Yeah. Good idea Ryan. Pretty sure this is the buck you and Sam saw up the Lambert in 2015.

----------


## Ryan_Songhurst

> Yeah. Good idea Ryan. Pretty sure this is the buck you and Sam saw up the Lambert in 2015.


haha, could well be if hes from there! well hes on youtube then! (more alive when he appeared on youtube)

----------


## Shearer

> I think you have invented a new art form !
> The eye should be red LED


 @akaroa1. Thought about punking him up a bit (nose rings and maybe a tattoo) but we will see.

----------


## 7mmwsm

> hmmmm... I have a doe head here that has a missing horn also, does robo chamois need a girlfriend???

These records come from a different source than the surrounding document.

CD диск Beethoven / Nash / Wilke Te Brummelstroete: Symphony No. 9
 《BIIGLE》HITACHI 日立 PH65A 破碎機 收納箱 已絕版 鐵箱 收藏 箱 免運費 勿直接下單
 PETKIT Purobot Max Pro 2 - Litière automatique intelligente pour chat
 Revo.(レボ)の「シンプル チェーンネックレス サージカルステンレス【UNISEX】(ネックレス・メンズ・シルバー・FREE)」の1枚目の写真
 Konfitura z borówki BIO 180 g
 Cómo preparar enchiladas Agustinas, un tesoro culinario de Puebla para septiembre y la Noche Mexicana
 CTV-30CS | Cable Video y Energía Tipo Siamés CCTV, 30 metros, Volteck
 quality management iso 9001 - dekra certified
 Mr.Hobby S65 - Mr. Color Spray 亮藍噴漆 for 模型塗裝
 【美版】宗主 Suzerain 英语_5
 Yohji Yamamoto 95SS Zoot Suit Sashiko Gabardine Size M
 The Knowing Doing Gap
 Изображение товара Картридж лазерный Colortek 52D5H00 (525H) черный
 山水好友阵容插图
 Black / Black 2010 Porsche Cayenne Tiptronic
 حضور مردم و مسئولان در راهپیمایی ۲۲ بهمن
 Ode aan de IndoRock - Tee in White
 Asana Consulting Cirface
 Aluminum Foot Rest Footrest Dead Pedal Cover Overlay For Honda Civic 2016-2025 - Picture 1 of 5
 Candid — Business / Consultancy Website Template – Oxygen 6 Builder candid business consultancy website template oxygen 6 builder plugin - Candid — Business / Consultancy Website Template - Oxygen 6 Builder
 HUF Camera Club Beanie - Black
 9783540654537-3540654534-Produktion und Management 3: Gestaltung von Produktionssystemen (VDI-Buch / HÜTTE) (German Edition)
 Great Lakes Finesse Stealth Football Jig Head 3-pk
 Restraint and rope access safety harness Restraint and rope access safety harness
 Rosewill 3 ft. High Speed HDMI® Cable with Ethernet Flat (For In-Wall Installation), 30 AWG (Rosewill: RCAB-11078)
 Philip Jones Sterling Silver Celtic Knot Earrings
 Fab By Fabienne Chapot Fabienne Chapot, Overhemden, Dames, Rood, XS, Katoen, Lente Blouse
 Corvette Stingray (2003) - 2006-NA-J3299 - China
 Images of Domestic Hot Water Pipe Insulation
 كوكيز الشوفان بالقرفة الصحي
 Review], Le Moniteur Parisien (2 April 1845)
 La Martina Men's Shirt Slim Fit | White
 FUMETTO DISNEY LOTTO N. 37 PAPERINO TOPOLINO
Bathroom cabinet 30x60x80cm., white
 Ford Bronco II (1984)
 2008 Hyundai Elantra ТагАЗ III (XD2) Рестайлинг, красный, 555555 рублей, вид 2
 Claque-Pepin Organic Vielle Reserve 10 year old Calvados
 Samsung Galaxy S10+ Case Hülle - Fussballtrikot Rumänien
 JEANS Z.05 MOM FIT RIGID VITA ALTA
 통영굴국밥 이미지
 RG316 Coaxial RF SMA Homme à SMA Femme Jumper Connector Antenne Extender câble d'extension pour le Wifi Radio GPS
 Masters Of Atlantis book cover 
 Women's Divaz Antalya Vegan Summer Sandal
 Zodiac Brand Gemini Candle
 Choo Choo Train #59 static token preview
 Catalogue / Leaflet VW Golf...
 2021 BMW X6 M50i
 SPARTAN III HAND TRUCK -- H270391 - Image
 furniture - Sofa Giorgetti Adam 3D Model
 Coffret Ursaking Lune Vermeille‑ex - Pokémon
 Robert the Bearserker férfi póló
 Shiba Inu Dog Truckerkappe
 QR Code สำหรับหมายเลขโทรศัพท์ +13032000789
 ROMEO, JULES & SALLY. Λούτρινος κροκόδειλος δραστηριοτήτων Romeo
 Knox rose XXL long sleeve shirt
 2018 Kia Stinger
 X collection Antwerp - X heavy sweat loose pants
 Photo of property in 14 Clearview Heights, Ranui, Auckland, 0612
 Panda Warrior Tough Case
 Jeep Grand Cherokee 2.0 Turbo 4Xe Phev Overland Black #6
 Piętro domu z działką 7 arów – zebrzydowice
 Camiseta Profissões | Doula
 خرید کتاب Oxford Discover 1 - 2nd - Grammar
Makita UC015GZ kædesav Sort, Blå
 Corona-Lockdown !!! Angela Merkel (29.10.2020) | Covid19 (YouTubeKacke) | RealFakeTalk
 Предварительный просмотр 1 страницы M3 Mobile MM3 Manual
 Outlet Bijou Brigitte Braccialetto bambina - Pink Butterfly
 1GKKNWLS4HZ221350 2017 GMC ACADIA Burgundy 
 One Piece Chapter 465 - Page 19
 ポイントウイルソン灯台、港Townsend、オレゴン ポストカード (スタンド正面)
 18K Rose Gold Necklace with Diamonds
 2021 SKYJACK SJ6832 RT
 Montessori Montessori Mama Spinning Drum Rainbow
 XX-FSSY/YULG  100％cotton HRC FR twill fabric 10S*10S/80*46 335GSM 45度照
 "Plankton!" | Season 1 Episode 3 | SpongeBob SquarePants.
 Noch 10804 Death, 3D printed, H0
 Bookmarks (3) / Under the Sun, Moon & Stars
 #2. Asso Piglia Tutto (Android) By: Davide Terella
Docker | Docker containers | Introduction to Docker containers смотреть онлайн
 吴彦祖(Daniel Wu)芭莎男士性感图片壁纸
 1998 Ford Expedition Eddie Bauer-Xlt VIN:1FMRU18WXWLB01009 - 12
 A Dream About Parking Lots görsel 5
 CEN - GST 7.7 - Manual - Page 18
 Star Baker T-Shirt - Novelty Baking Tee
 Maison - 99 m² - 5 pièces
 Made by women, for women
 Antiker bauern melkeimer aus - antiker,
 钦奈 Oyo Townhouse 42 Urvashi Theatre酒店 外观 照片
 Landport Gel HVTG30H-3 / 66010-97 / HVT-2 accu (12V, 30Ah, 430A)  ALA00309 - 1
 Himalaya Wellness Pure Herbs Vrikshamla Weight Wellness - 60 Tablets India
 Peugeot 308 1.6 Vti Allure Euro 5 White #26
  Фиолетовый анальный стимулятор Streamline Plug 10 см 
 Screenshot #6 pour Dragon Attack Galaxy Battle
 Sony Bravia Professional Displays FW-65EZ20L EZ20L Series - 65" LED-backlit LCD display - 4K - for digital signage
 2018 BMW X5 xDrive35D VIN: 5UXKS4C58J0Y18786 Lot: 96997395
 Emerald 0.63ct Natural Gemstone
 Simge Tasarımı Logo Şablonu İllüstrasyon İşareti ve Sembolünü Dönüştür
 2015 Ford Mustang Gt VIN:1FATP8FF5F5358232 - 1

Playing with fire you guys.
Haven't you seen the movies where computers and robots go psycho and turn on people. Could be the end of chammy hunting as we know it. Well as you guys know it. I've never hunted them.

----------


## Mooseman

That's quite neat won't be many of those running around that's for sure. Good idea though.

----------


## Micky Duck

definately would go with red led eyeball...that is friggin cool and not something Ive ever seen done before.

----------


## Shearer

> definately would go with red led eyeball...that is friggin cool and not something Ive ever seen done before.


Thanks.

----------


## gadgetman

> Playing with fire you guys.
> Haven't you seen the movies where computers and robots go psycho and turn on people. Could be the end of chammy hunting as we know it. Well as you guys know it. I've never hunted them.


Who would be the hunted?

----------


## gadgetman

> I think you have invented a new art form !
> The eye should be red LED


+1

and an eye patch on the other one.

----------


## Shearer

Robo chamios in his final state.

----------


## Micky Duck

that would look grouse on an album cover for a band like Queen or David Bowie...maybe one of the up n coming local bands would snatch it as a kind of mascot/coat of arms???

----------